Tuesday, August 23, 2011

On Sunset, Music, and Identity. Oh and Also Johnny Cash.

So on the drive back from Provo to Bluffdale this evening I saw the most incredible sunset. I'd have taken a picture, but I was driving. But really, it was amazing. Luckily the traffic wasn't too heavy so I was able to watch as the sun's rays illuminated the golden clouds against on the darkening blue sky. The scene was made doubly beautiful because the whole scene was reflected over the lake, which reflection was visible even from the freeway. During the drive I watched as the clouds went from gold to orange to pink to purple, each shade and hue blending seamlessly into the next in an endless palate of color. Again, words and language fail to really illuminate the beauty of the scene, but they'll have to suffice for now.

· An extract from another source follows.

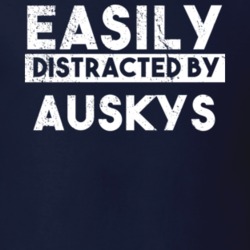 Easily Distracted By Auskys Animal Lover Funny T Shirt 26759318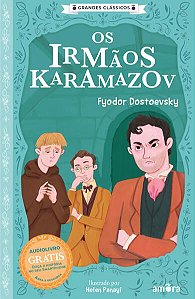 OS IRMÃOS KARAMAZOV - LIVRO + AUDIOLIVRO GRÁTIS - DOSTOIÉVSKI, FIÓDOR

But this post isn't supposed to be about the sunset, it's about music.

While I was enjoying the sunset the following songs (my iPod was set to shuffle through the whole library) played in this order:

Is There A Ghost - Band of Horses (best summertime-drive-fast-down-a-lonely-road song ever)

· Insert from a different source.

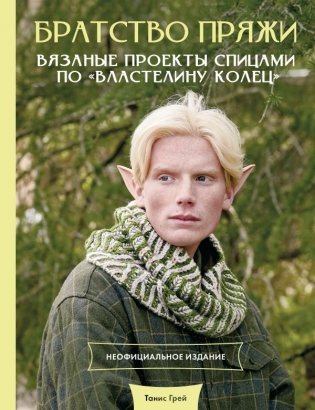 Братство пряжи. Вязаные проекты спицами по "Властелину колец". Неофициальное издание фото книги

Rhapsody On a Theme of Paganini, Op. 43: Variation 18: Andante Cantabile - Rachmaninoff (just the 18th variation and just the first 3 minutes of the video below)

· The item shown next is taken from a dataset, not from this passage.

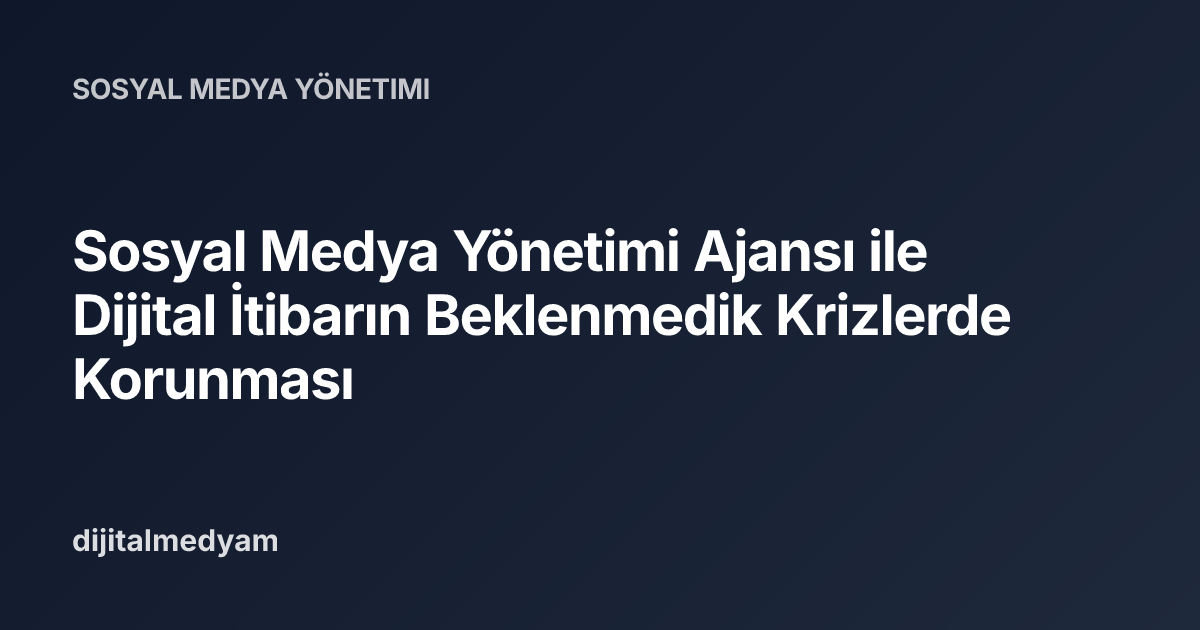 Sosyal Medya Yönetimi Ajansı ile Dijital İtibarın Beklenmedik Krizlerde Korunması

Flamenco Sketches - Miles Davis (left me feeling Kind of Blue)

No Cars Go - Arcade Fire (another great summertime song)

I Love You Always Forever - Donna Lewis (I'm a romantic at heart and I secretly love this song. I know it's corny, and think less of me if you will, but there it is. Also, I know the video here is super cheesy, but the youtube machine won't let me embed the official video.)

You Ain't Seen Nothing Yet - BTO (yep)

Over the Rainbow - Eva Cassidy (sweet merciful, that voice)

Strawberry Swing - Coldplay (this song has been coming up a lot lately when my iPod is set to random)

Variations on a Theme of Paganini - Rachmaninoff (yeah, the full thing this time, not just the 18th. Funny coincidence.)

Rhapsody on a Theme of Paganini took me to the driveway where I parked and I sat in the car listening until the piece was over. I was sitting there in the driveway for a good 12 minutes after I'd parked, and it was 12 wonderful minutes.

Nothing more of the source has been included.